Class: Turbellaria (free-living flatworms)
Metazoa (animals) > Bilateria > Lophotrochozoa >
Some 3000 species of turbellarian have been
described. They are typically leaf-shaped worms and, although some
may be 600 millimetres or more long, most are less than (often a lot
less than) 10 millimetres. Most turbellarians are free living but
Notoplana patellarum makes an interesting exception: it lives
commensally in the mantle folds of the limpet, Patella oculus,
found on rocky shores of the Western Cape.

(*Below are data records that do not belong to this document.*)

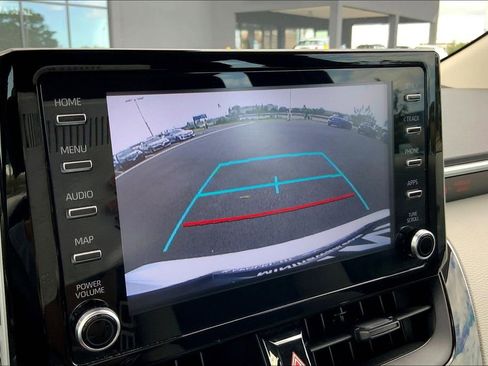 Used 2020 Toyota Corolla LE FWD image 21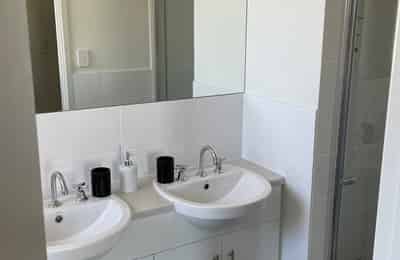 Amenities?w=400&h=260&fit=crop&q=40&auto=format&trim=auto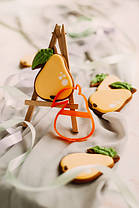 Осінні овочі та фрукти (морква, яблуко, груша)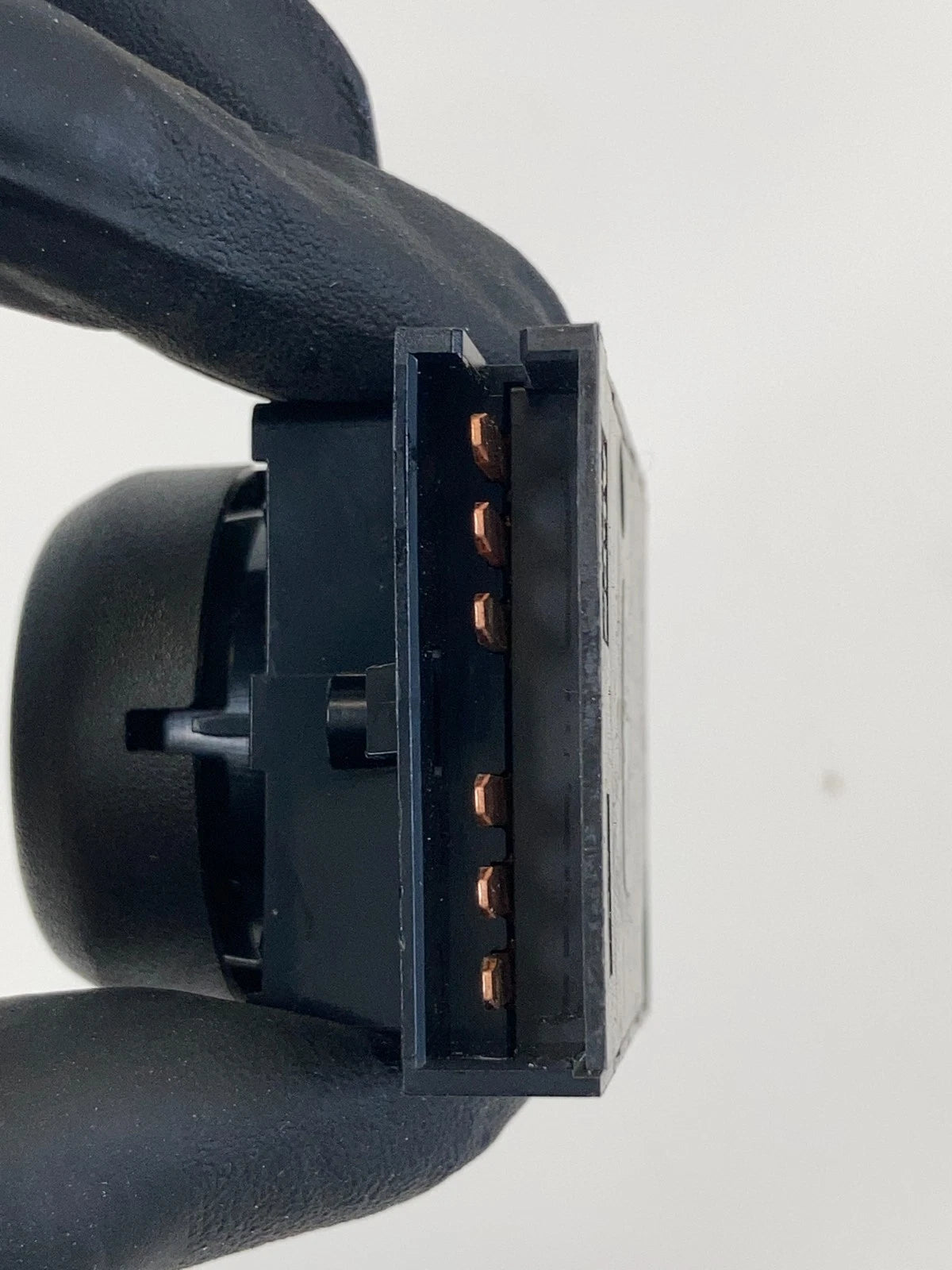 2007-2009 GMC YUKON FRONT RIGHT SEAT POWER LUMBAR CONTROL SWITCH 15785408 OEM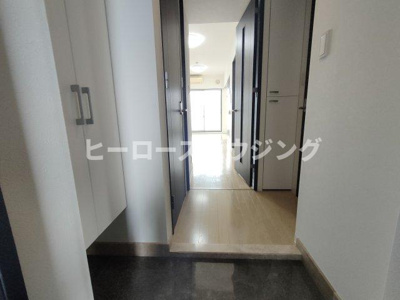 【玄関】 | レジデンスエアポート  | ※同タイプの写真となり、実際のお部屋とは異なる場合があります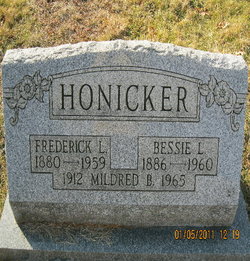 Bessie L <I>Derr</I> Honicker 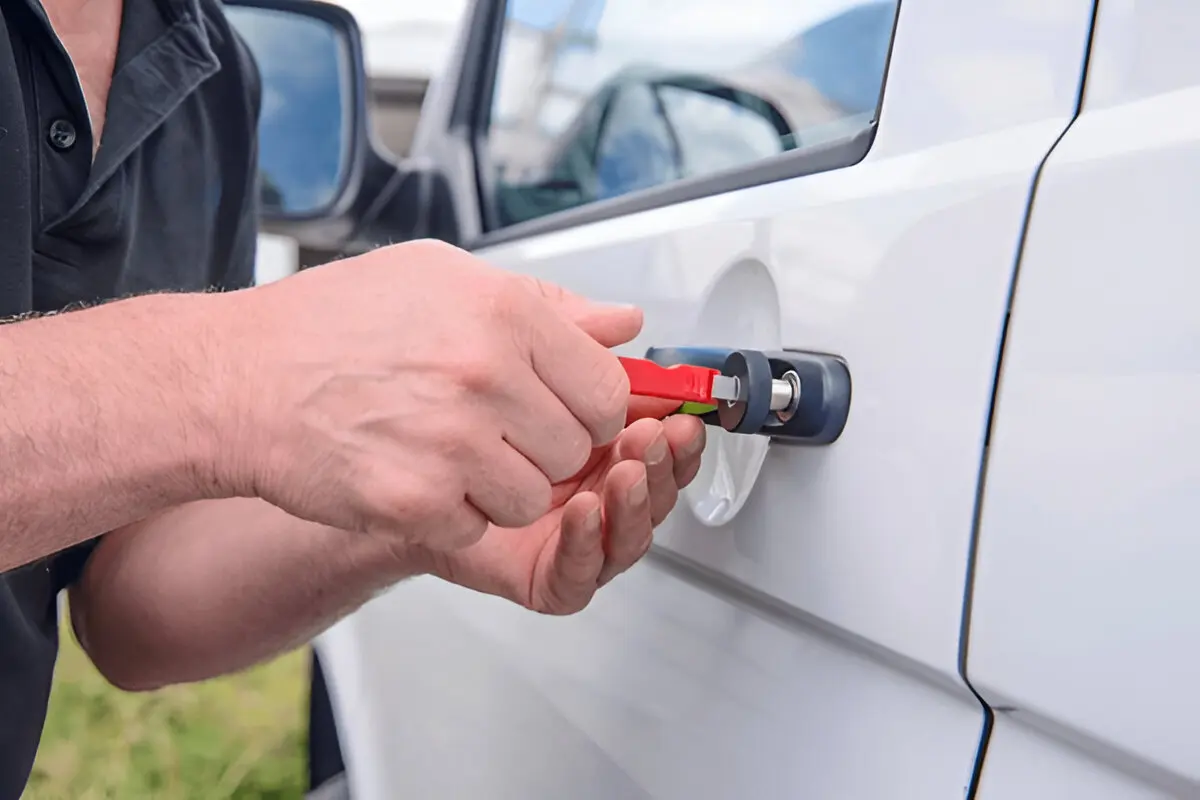 On Time Locksmith offering Commercial Locksmith Melrose Park solutions for offices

The digestive system consists of a pharynx
leading to a blind-ending gut. There is no anus, so the remains of
any food that is ingested has to be ejected via the mouth.
Turbellarians eat carrion or actively capture prey, which is
swallowed whole or torn to pieces with the pharynx. In the gut, or
gastrovascular cavity, endoderm cells engulf food particles by
phagocytosis. The nervous system is not much advanced from the nerve
net of cnidarians but there is a concentration of sensory cells and
nervous tissue and the anterior end of the worm. Two nerve cords
that run the length of the body.
They are hermaphroditic and generally reproduce
sexually, although some species can also reproduce asexually by
forming a “waist” and budding off the posterior part. This back end
grows a new front and the original anterior end regenerates a new
posterior part. Turbellarians normally move by means of cilia that
cover the ventral surface; a few larger forms can swim by
rhythmically throwing the edges of the body into folds.